*** Opening of Exercise data ***

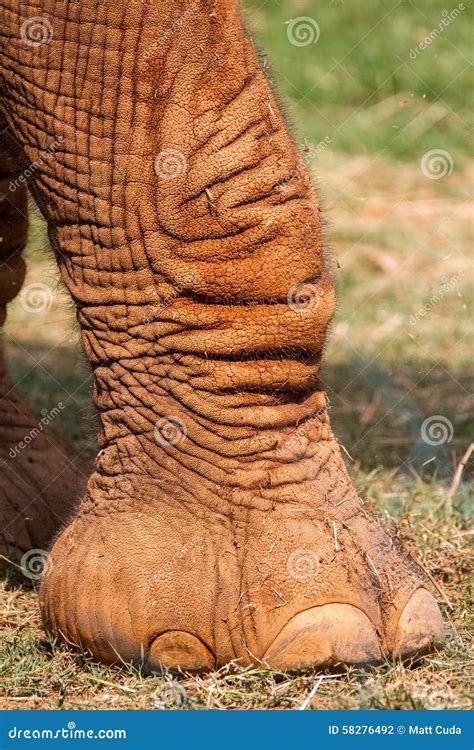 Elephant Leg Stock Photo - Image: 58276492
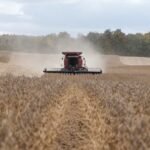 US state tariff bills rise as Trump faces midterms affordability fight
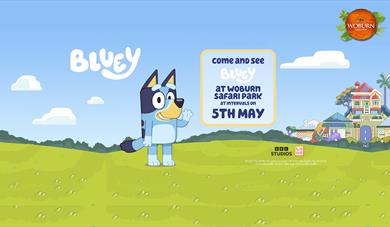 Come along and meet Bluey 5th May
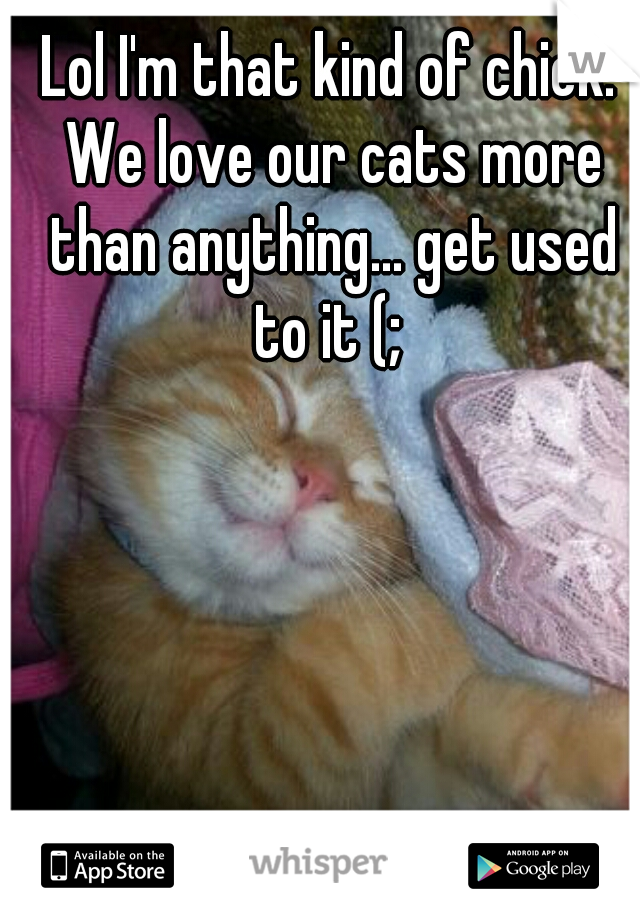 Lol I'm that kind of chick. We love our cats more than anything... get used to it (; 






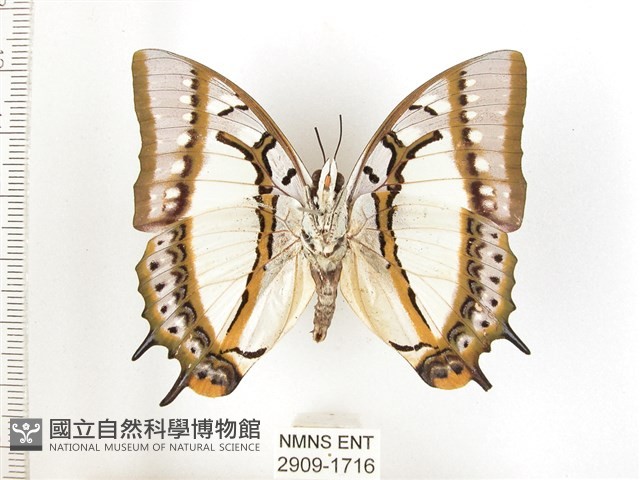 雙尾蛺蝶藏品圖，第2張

*** Close of Exercise data ***

> [What this task involves] What is wanted is a word-for-word restatement of the entries, without their images.

> [Expected answer]
 Elephant Leg Stock Photo - Image: 58276492
 US state tariff bills rise as Trump faces midterms affordability fight
 Come along and meet Bluey 5th May
 Lol I'm that kind of chick. We love our cats more than anything... get used to it (; 






 雙尾蛺蝶藏品圖，第2張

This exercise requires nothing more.